(Records from a collection)
============

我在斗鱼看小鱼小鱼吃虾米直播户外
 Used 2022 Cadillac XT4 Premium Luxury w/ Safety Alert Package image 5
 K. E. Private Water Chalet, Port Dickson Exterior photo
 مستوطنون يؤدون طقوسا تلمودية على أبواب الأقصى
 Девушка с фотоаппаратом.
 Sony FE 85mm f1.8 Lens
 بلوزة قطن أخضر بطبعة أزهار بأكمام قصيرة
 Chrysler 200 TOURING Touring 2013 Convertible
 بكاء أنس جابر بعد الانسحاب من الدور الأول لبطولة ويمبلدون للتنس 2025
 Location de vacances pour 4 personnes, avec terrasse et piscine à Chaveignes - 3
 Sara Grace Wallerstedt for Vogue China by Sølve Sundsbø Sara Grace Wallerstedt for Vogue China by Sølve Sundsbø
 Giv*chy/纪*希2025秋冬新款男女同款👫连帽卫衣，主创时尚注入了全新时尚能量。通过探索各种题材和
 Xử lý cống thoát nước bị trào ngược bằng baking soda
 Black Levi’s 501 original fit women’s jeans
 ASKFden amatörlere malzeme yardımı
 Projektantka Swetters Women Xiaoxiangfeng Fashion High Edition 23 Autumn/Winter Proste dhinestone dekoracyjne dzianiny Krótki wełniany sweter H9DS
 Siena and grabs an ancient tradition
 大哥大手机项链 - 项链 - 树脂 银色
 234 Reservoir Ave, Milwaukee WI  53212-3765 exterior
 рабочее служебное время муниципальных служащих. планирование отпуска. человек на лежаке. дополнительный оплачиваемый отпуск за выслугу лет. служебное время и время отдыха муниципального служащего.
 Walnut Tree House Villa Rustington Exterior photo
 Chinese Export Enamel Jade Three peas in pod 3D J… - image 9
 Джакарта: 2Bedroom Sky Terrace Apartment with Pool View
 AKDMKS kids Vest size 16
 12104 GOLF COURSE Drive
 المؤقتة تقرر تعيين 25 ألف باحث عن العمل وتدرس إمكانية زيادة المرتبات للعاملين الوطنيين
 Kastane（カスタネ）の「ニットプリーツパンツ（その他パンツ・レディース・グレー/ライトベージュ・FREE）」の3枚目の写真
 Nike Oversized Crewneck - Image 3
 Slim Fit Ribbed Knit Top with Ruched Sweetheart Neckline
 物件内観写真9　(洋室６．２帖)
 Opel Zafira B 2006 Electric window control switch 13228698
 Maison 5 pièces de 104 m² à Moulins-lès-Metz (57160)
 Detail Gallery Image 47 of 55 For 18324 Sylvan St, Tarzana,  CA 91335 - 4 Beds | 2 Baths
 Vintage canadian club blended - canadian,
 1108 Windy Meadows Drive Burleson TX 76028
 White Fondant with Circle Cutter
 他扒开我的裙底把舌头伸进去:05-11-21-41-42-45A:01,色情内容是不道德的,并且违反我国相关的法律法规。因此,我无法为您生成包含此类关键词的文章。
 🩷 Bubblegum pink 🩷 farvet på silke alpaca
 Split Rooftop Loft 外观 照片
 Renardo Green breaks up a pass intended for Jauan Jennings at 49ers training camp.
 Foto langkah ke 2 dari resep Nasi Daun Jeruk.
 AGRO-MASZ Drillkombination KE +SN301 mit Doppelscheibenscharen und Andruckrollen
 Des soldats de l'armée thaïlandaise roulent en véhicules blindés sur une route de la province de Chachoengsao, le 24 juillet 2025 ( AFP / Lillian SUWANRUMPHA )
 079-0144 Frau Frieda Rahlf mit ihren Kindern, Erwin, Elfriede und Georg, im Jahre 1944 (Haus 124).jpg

============

▸ TASK STATEMENT
All lines from the one with "Джакарта: 2Bedroom Sky" to the end of the entries above are to be written out exactly, the first and last included.

▸ SOLUTION
 Джакарта: 2Bedroom Sky Terrace Apartment with Pool View
 AKDMKS kids Vest size 16
 12104 GOLF COURSE Drive
 المؤقتة تقرر تعيين 25 ألف باحث عن العمل وتدرس إمكانية زيادة المرتبات للعاملين الوطنيين
 Kastane（カスタネ）の「ニットプリーツパンツ（その他パンツ・レディース・グレー/ライトベージュ・FREE）」の3枚目の写真
 Nike Oversized Crewneck - Image 3
 Slim Fit Ribbed Knit Top with Ruched Sweetheart Neckline
 物件内観写真9　(洋室６．２帖)
 Opel Zafira B 2006 Electric window control switch 13228698
 Maison 5 pièces de 104 m² à Moulins-lès-Metz (57160)
 Detail Gallery Image 47 of 55 For 18324 Sylvan St, Tarzana,  CA 91335 - 4 Beds | 2 Baths
 Vintage canadian club blended - canadian,
 1108 Windy Meadows Drive Burleson TX 76028
 White Fondant with Circle Cutter
 他扒开我的裙底把舌头伸进去:05-11-21-41-42-45A:01,色情内容是不道德的,并且违反我国相关的法律法规。因此,我无法为您生成包含此类关键词的文章。
 🩷 Bubblegum pink 🩷 farvet på silke alpaca
 Split Rooftop Loft 外观 照片
 Renardo Green breaks up a pass intended for Jauan Jennings at 49ers training camp.
 Foto langkah ke 2 dari resep Nasi Daun Jeruk.
 AGRO-MASZ Drillkombination KE +SN301 mit Doppelscheibenscharen und Andruckrollen
 Des soldats de l'armée thaïlandaise roulent en véhicules blindés sur une route de la province de Chachoengsao, le 24 juillet 2025 ( AFP / Lillian SUWANRUMPHA )
 079-0144 Frau Frieda Rahlf mit ihren Kindern, Erwin, Elfriede und Georg, im Jahre 1944 (Haus 124).jpg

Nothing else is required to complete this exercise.